Sulla scia di SpaceX, anche altre aziende hanno manifestato interesse per la realizzazione di data center orbitali. Blue Origin, ad esempio, ha presentato un piano per una costellazione di 51.600 satelliti, mentre la startup Starcloud sta sviluppando un progetto simile basato su 88.000 satelliti. Anche Nvidia è coinvolta nello sviluppo di chip per l'intelligenza artificiale (IA) destinati all'utilizzo nello spazio.
Shotwell ha ipotizzato la possibilità di posizionare questi data center orbitali non solo in orbita terrestre, ma anche in orbita lunare e, in futuro, attorno al Sole. Musk ha inoltre suggerito la possibilità di costruire questi satelliti direttamente sulla Luna, sfruttando una futura base lunare. Secondo Shotwell, la minore gravità lunare (circa un sesto di quella terrestre) renderebbe più rapida ed economica la produzione e il lancio di satelliti realizzati con elementi e materiali lunari. Interpellata sulla questione della congestione orbitale, Shotwell ha assicurato che saranno adottate tutte le misure necessarie per garantire la sicurezza.
SpaceX ha comunicato alla FCC l'intenzione di iniziare con un numero limitato di data center orbitali, al fine di monitorare attentamente il loro potenziale impatto sull'atmosfera terrestre prima di espandere il progetto. La risposta di SpaceX alla FCC è stata articolata in un documento di 32 pagine, presentato in seguito alla ricezione di oltre 1.400 commenti, in gran parte negativi, attraverso il sistema online della FCC. I critici hanno contestato il fatto che l'azienda non abbia risposto in modo esauriente alle loro preoccupazioni. Il Center for Space Environmentalism ha segnalato alla FCC che SpaceX sta chiedendo di essere creduta sulla parola, senza fornire prove sufficienti a supporto delle sue affermazioni. L'organizzazione stima che le esenzioni richieste trasferirebbero di fatto i rischi ambientali di un progetto di IA privato alla collettività americana.
Le preoccupazioni sollevate riguardano principalmente l'inquinamento luminoso generato dalla vasta costellazione di satelliti, che potrebbe interferire con le osservazioni astronomiche, sia professionali che amatoriali. Inoltre, si teme l'impatto sull'atmosfera terrestre, dovuto ai gas di scarico dei motori dei satelliti e alla loro eventuale disintegrazione al rientro nell'atmosfera. Infine, la sicurezza nello spazio è un'altra questione critica, considerando il rischio di collisioni tra satelliti e la creazione di detriti spaziali, che potrebbero compromettere le future missioni spaziali.
Il progetto di SpaceX solleva importanti interrogativi sul futuro dell'esplorazione spaziale e sull'utilizzo delle risorse orbitali. Da un lato, la creazione di data center orbitali potrebbe aprire nuove opportunità per lo sviluppo di tecnologie avanzate e per la fornitura di servizi innovativi.

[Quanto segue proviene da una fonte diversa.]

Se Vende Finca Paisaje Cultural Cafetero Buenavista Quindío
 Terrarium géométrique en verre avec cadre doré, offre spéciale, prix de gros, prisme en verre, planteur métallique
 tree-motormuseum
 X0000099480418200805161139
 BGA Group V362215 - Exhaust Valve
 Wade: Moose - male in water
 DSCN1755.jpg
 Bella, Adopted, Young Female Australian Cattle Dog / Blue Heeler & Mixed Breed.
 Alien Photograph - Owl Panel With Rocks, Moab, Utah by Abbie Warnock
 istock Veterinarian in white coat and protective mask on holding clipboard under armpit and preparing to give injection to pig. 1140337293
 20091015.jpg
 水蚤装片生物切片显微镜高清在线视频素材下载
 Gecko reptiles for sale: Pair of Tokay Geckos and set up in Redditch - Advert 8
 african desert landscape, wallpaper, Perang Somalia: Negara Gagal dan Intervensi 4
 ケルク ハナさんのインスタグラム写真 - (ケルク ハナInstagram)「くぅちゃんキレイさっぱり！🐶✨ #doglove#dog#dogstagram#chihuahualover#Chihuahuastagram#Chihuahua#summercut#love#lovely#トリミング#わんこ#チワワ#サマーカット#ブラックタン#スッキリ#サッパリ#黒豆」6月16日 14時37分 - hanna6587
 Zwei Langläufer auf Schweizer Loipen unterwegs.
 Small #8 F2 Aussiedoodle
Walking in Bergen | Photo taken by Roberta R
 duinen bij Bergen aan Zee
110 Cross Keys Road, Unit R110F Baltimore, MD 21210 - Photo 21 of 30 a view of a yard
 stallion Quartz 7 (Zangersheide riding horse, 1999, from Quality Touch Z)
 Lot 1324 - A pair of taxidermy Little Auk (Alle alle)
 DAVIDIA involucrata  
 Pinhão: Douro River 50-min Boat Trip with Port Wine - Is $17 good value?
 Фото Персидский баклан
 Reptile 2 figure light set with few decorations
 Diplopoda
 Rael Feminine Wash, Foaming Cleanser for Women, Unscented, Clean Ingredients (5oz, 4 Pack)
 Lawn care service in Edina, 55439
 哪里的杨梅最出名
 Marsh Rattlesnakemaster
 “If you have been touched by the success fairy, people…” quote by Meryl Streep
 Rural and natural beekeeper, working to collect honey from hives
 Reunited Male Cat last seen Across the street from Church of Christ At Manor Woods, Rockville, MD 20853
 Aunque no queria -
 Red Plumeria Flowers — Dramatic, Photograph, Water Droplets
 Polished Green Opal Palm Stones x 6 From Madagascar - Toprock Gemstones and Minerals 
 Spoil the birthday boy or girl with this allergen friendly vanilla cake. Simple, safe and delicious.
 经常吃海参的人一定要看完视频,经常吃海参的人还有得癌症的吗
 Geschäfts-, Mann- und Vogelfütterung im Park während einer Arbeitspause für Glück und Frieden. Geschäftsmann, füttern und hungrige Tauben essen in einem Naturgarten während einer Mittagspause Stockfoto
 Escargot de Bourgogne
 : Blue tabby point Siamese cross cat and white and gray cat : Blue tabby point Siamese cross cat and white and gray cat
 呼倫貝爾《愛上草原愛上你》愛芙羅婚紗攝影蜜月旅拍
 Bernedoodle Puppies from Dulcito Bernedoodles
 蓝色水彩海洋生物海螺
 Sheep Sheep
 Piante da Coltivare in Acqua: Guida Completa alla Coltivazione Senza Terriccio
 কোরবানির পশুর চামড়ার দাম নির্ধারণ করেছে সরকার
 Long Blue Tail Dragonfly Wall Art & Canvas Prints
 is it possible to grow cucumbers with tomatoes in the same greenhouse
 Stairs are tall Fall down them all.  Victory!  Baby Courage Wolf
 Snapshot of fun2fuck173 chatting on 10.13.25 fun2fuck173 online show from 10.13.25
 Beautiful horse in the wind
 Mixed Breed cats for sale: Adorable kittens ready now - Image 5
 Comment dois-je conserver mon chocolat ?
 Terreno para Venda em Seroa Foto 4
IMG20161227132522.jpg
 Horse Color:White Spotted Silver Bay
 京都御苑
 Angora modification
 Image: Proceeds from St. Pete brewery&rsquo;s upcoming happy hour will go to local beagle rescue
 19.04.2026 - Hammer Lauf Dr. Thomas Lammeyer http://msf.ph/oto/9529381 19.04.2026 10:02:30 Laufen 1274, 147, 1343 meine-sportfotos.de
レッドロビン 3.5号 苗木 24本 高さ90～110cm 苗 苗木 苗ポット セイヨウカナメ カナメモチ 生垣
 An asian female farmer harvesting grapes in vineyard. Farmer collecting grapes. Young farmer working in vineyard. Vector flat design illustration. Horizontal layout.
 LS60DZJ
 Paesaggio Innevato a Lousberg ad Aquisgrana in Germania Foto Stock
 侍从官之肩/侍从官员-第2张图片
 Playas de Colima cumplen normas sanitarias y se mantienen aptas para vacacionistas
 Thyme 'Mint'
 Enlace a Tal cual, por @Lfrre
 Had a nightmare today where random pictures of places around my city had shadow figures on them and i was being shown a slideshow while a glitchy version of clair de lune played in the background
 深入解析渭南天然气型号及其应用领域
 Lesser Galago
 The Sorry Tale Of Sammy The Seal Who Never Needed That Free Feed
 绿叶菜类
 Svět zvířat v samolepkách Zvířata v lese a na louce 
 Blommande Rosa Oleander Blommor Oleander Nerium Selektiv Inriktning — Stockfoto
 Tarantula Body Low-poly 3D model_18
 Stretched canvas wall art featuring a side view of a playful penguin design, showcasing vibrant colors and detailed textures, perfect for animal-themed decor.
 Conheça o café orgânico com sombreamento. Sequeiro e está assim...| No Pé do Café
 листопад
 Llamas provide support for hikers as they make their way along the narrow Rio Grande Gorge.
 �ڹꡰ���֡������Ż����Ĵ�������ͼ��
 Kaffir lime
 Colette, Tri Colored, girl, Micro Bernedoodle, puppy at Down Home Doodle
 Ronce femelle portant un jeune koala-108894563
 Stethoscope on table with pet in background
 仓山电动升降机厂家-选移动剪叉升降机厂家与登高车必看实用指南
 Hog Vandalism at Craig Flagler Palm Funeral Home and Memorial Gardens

Dall'altro, è fondamentale valutare attentamente i potenziali rischi ambientali e di sicurezza, al fine di garantire uno sviluppo sostenibile e responsabile dello spazio.
La FCC dovrà quindi valutare attentamente la richiesta di SpaceX, tenendo conto di tutti gli aspetti coinvolti e bilanciando i potenziali benefici con i rischi. La decisione finale avrà un impatto significativo sul futuro dell'industria spaziale e sulla gestione delle risorse orbitali.